- Required work -
Your answer must consist solely of the line containing "Art Lion Reisetasche" and all subsequent lines through the end of the entries, reproduced exactly.

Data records
━━━━━━━━━━━━━━━━━━━━━━━━━━━━━━

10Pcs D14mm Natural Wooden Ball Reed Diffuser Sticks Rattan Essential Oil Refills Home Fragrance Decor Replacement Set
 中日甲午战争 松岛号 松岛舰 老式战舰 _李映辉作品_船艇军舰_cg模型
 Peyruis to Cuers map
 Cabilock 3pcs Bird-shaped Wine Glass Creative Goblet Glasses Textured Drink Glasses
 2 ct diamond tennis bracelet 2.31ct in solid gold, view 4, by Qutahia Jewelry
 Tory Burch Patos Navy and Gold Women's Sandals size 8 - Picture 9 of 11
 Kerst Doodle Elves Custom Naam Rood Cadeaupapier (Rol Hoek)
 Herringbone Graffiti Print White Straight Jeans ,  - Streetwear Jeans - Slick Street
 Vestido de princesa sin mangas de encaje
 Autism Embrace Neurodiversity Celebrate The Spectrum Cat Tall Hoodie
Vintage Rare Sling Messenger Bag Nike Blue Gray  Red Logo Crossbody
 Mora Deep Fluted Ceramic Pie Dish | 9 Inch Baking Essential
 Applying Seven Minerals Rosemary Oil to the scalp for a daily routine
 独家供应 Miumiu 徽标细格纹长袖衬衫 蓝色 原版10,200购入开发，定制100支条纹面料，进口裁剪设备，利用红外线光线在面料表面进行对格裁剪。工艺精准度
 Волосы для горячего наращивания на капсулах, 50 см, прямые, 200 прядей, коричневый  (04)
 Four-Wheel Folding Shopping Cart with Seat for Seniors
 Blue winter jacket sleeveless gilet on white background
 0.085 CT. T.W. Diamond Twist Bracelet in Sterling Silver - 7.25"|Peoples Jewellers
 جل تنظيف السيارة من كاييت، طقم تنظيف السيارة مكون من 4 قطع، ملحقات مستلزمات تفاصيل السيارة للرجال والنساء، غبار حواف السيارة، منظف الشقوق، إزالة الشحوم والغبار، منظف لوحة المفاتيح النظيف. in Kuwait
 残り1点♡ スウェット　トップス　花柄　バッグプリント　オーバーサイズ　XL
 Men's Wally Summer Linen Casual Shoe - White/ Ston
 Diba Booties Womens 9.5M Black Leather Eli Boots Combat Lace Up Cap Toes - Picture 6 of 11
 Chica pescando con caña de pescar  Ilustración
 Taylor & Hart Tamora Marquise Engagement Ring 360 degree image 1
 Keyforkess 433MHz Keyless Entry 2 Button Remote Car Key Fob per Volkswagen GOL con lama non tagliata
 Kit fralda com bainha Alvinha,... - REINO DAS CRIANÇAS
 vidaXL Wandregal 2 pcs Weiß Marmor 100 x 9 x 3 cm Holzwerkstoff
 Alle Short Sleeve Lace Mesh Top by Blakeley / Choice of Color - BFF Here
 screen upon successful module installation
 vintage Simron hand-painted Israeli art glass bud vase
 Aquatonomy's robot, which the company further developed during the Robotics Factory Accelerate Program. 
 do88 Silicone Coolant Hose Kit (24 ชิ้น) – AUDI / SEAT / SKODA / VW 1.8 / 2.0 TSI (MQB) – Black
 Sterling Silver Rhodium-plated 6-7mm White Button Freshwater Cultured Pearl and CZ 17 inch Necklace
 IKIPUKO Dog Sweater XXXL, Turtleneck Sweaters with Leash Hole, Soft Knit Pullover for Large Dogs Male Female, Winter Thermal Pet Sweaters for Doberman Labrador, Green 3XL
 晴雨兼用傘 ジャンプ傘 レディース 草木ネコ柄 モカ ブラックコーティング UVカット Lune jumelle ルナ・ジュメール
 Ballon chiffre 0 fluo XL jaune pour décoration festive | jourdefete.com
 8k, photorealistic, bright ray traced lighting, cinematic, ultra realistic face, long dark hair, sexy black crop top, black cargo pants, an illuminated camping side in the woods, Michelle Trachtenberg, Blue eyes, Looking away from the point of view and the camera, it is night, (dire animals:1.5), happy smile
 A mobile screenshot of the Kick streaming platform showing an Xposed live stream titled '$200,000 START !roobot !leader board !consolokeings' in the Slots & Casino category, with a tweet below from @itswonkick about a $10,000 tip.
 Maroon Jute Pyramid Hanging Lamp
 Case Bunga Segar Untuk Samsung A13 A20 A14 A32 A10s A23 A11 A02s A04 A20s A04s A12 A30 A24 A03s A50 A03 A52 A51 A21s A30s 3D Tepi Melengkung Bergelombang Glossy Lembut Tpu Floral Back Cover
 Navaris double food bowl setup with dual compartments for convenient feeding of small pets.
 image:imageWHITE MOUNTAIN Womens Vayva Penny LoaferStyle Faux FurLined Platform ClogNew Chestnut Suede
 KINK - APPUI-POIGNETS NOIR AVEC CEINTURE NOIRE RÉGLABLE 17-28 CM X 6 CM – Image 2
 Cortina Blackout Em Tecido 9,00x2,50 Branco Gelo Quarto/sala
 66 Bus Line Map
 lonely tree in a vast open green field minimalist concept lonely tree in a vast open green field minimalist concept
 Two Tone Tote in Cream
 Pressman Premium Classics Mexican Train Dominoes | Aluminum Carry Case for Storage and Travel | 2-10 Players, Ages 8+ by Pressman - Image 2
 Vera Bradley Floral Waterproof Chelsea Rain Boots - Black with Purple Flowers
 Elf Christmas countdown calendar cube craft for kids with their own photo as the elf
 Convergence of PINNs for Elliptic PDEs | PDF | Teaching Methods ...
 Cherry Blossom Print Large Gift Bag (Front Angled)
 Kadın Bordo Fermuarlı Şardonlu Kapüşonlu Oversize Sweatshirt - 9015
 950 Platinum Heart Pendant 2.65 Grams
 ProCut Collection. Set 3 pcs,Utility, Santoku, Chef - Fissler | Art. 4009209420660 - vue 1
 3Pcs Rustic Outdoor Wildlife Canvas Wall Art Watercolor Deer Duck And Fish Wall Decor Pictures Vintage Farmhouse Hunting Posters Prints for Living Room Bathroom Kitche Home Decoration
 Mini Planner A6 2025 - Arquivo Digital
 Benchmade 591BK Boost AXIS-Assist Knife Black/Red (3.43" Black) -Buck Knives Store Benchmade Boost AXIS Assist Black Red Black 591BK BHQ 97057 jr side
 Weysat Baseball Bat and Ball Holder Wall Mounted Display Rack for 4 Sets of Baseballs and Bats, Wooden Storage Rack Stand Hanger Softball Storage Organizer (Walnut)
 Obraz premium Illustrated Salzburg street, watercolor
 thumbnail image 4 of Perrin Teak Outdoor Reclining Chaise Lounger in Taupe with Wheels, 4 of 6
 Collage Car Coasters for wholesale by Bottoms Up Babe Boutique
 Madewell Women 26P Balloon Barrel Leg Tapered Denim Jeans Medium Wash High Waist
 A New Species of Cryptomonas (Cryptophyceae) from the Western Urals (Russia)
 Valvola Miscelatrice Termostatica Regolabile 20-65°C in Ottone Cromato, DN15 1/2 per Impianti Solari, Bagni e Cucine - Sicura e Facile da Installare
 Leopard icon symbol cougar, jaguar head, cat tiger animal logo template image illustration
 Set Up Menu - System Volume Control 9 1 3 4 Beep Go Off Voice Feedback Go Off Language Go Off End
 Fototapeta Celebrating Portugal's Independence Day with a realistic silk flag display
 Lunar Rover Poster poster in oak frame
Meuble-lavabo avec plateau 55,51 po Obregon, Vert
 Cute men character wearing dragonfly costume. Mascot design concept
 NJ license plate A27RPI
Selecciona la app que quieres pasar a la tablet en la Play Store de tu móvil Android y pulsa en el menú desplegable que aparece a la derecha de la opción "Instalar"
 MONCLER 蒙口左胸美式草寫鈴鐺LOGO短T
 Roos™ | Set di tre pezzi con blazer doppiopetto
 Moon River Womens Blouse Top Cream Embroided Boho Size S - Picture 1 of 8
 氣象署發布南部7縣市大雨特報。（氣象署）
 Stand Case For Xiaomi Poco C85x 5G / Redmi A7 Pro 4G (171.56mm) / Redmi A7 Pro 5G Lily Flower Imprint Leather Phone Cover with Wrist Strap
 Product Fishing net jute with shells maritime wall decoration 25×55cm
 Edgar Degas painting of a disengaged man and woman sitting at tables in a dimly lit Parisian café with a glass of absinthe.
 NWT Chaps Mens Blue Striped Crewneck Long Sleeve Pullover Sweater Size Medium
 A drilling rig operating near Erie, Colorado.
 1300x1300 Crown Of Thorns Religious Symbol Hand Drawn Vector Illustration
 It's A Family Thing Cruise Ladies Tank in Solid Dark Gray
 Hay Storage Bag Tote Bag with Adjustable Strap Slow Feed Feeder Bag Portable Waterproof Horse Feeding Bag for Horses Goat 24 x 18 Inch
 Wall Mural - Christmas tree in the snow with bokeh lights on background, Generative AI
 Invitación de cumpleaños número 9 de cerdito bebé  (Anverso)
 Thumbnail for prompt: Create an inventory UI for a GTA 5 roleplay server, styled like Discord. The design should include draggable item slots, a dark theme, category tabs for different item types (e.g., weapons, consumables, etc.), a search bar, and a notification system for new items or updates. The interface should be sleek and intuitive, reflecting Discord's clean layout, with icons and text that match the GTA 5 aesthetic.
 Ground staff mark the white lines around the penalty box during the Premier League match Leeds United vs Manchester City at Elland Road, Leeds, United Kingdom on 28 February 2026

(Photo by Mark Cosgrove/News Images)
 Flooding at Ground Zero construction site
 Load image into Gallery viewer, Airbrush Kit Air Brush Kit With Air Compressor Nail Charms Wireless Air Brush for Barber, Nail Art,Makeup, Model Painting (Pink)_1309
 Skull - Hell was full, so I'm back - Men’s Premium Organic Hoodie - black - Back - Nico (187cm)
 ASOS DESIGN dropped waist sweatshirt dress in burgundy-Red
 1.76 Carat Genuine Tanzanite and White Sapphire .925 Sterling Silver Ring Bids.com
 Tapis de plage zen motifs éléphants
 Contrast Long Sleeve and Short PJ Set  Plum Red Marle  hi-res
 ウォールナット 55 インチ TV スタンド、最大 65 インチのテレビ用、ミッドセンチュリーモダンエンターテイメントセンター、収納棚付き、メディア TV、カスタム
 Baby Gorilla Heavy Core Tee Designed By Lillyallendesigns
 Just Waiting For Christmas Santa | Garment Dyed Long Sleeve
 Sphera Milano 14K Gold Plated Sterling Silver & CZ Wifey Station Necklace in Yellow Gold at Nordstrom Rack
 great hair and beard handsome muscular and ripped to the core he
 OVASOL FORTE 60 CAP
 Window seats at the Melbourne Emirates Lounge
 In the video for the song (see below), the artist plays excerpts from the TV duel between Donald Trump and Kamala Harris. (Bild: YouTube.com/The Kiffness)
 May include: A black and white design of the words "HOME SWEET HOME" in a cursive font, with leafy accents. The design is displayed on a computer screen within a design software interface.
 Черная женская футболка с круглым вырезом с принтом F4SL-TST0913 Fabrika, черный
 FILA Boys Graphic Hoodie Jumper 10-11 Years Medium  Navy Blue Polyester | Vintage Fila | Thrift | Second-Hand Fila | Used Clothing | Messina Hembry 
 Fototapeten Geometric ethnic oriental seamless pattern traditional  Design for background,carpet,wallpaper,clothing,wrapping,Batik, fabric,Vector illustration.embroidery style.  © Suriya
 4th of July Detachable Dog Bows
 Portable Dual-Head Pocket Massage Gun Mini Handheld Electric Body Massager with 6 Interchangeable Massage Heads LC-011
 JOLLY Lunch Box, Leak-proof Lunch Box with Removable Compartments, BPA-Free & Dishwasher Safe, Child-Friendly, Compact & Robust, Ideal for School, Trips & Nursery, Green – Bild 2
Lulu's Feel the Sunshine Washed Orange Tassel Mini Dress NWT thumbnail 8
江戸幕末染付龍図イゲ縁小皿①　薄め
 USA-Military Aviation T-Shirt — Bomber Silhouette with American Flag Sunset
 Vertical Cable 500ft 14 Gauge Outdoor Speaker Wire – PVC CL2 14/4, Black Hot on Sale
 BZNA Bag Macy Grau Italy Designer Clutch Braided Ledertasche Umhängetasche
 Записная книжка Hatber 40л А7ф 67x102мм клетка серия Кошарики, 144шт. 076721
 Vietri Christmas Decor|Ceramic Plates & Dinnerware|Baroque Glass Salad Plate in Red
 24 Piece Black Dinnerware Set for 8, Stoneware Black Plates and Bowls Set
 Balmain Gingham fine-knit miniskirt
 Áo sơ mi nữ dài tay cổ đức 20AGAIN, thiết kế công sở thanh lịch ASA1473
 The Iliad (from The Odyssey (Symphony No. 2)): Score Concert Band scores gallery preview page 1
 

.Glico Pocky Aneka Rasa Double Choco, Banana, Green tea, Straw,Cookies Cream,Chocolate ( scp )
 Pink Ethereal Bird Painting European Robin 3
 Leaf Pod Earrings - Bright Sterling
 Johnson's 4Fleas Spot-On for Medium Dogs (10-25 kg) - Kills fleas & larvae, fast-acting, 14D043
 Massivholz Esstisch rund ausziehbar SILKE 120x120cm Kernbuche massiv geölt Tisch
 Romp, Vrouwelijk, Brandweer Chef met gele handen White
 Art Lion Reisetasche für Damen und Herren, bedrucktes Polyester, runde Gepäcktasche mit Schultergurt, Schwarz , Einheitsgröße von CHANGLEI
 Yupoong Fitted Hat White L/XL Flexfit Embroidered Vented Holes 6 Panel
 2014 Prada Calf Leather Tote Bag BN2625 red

━━━━━━━━━━━━━━━━━━━━━━━━━━━━━━

- Written response -
 Art Lion Reisetasche für Damen und Herren, bedrucktes Polyester, runde Gepäcktasche mit Schultergurt, Schwarz , Einheitsgröße von CHANGLEI
 Yupoong Fitted Hat White L/XL Flexfit Embroidered Vented Holes 6 Panel
 2014 Prada Calf Leather Tote Bag BN2625 red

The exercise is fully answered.